One way this 'replay' effect was tested was in rats where they implanted many electrodes into the animal's hippocampi to monitor activity. There are cells there called the hippocampal place cells which encode locations in space.
Then they had the rats run a simple circular maze with some landmarks (food, etc.) at various points. As they run the maze, different place cells start to encode different locations in the maze, especially near the landmarks, and they activate when the rat is near there.
They kept the electrodes in while the rat was sleeping. They found that the place cells continued to activate in the same order as the locations in the maze, as if the rat were actually running the maze in, e.g., a clockwise direction.
This is taken as evidence that, during sleep, the rat's brain was replaying the memory of running the maze.
I can tell you, as a person who suffered (and I mean Suffered) insomnia for 8 years, and saw countless docs.. (the cause was stress, and docs don't treat that) .. the role for me is that it makes it work like I am a teen again. I can memorize youtube urls now, with some practiced chunking.

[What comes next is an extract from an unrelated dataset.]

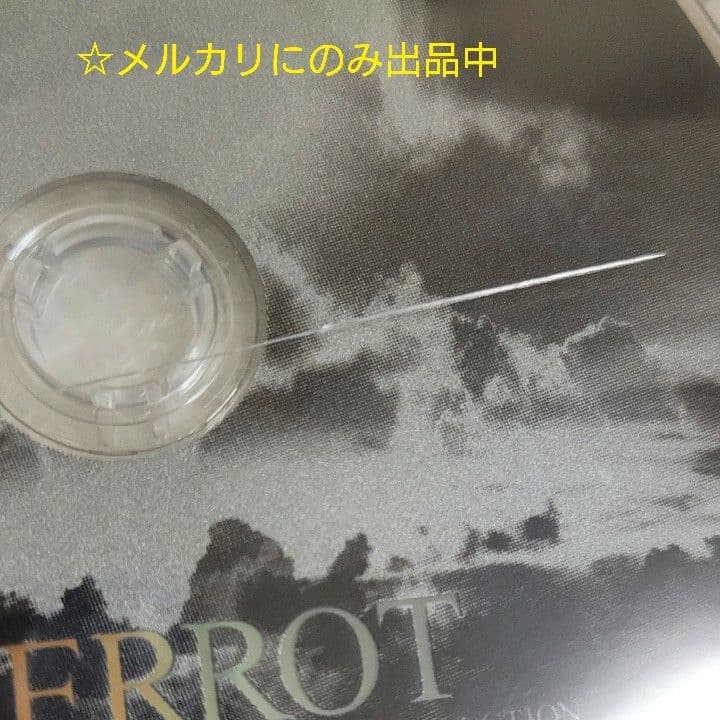【未開封】 予約購入特典 PARADOX DVD PIERROT ピエロ キリト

I had a similar discovery with sleep myself like that. I had been suffering from un-diagnosed severe complex sleep apnea for as best as we can figure 5-10 years. once starting sleep with a BiPAP machine to help with the breathing I went from having no REM sleep and no dreams to having them all the time. After about the first month I could finally remember what happened the day before clearly and without issue. The dramatic change did actually swing me a little more towards depression for a while simply because I could finally understand what I had been missing for so long and that there was nothing I could do to get it back. It was definitely an interesting experience.
I know that depression increases the need for sleep and napping. I also remember reading of evidence that long term depression shrinks the hippocampus. Could the increase in need for sleep indicate a poorly functioning hippocampus under conditions of depression? And could such a connection, if it exists, be an avenue for finding better chemical (or electrical) treatment for depression?